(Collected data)

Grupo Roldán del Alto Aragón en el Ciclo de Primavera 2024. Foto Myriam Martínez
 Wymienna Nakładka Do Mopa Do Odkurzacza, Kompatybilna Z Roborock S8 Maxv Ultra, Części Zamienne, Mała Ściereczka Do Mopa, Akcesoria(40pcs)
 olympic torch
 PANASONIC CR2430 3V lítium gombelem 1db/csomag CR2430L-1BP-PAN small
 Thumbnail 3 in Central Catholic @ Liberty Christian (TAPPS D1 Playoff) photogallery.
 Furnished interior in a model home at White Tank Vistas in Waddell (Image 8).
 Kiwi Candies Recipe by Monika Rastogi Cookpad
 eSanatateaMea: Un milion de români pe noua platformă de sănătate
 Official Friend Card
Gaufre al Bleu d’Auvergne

What you have to do: Look above for the line containing "olympic torch". Return it and each line after it exactly, through the last line, and nothing more.

Exercise answer:
 olympic torch
 PANASONIC CR2430 3V lítium gombelem 1db/csomag CR2430L-1BP-PAN small
 Thumbnail 3 in Central Catholic @ Liberty Christian (TAPPS D1 Playoff) photogallery.
 Furnished interior in a model home at White Tank Vistas in Waddell (Image 8).
 Kiwi Candies Recipe by Monika Rastogi Cookpad
 eSanatateaMea: Un milion de români pe noua platformă de sănătate
 Official Friend Card
Gaufre al Bleu d’Auvergne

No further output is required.